Scottsdale (O'odham: Vaṣai S-vaṣonĭ; Yaqui: Eskatel) is a city in the eastern part of Maricopa County, Arizona, United States, part of the Greater Phoenix Area. Named Scottsdale in 1894 after its founder Winfield Scott, a retired U.S. Army chaplain, the city was incorporated in 1951 with a population of 2,000. The 2015 population of the city was estimated to be 236,839 according to the U.S. Census Bureau. The New York Times described downtown Scottsdale as "a desert version of Miami's South Beach" and as having "plenty of late night partying and a buzzing hotel scene." Its slogan is "The West's Most Western Town."
Scottsdale, 31 miles long and 11.4 miles wide at its widest point, shares boundaries with many other municipalities and entities. On the west, Scottsdale is bordered by Phoenix, Paradise Valley and unincorporated Maricopa County land. Carefree is located along the western boundary, as well as sharing Scottsdale's northern boundary with the Tonto National Forest. To the south Scottsdale is bordered by Tempe. The southern boundary is also occupied by the Salt River Pima-Maricopa Indian Community, which extends along the eastern boundary, which also borders Fountain Hills, the McDowell Mountain Regional Park and more unincorporated Maricopa County land.
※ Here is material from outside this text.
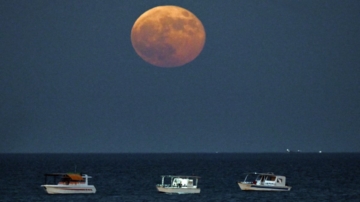 土星相襯 年度最大滿月17日登場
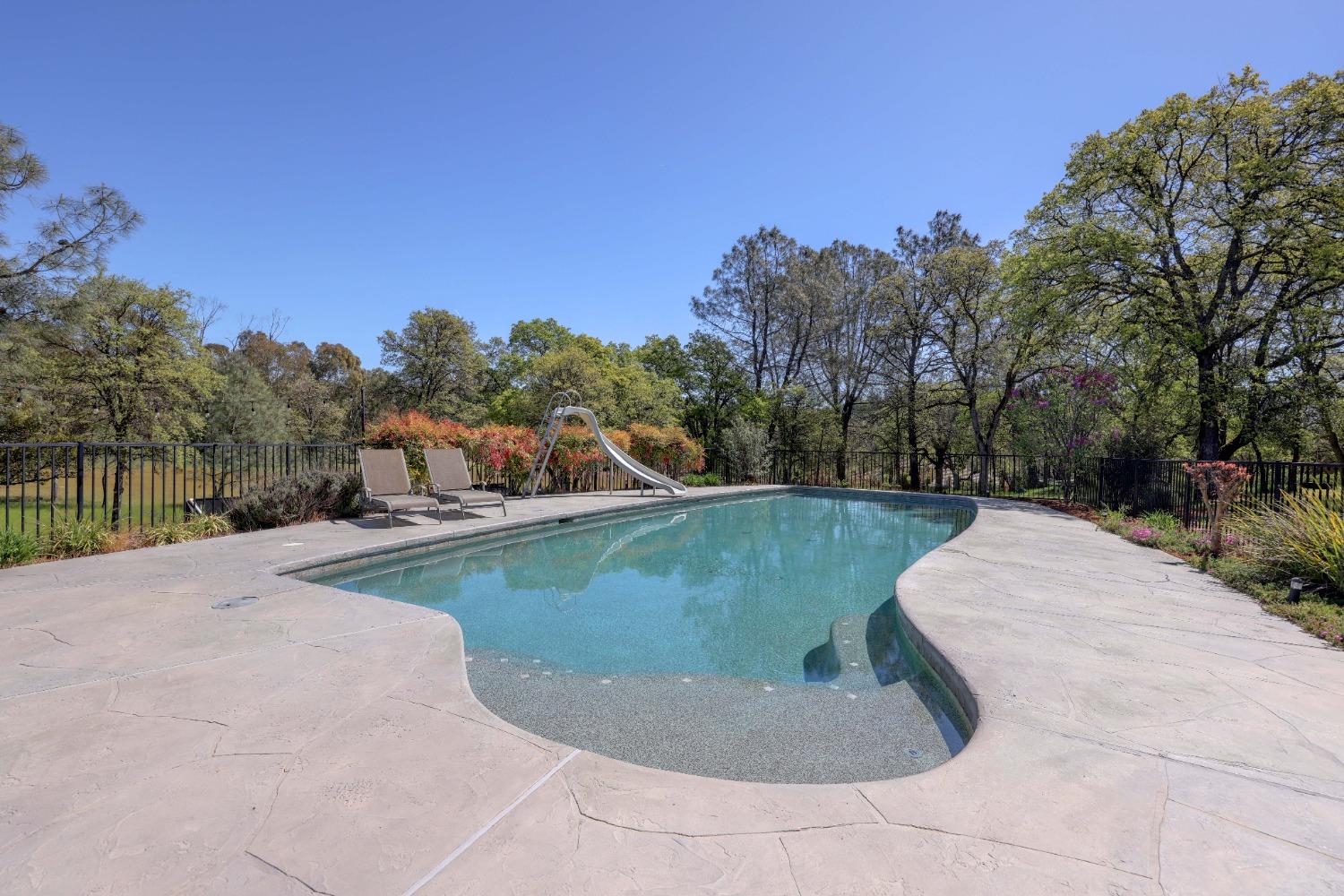 Detail Gallery Image 48 of 89 For 13875 Moss Rock Dr, Auburn,  CA 95602 - 5 Beds | 4/1 Baths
The area which would include what would become Scottsdale was originally inhabited by the Hohokam, from approximately 300 BC to 1450 AD. This ancient civilization farmed the area and developed a complex network of canals for irrigation which was unsurpassed in pre-Columbian North America. At its peak, the canals stretched over 250 miles, many of which built remains extant today, some having been renovated and put back into use in the 20th century. Under still-mysterious circumstances, the Hohokam disappeared around 1450 or 1500, the most likely theory having to do with a prolonged drought.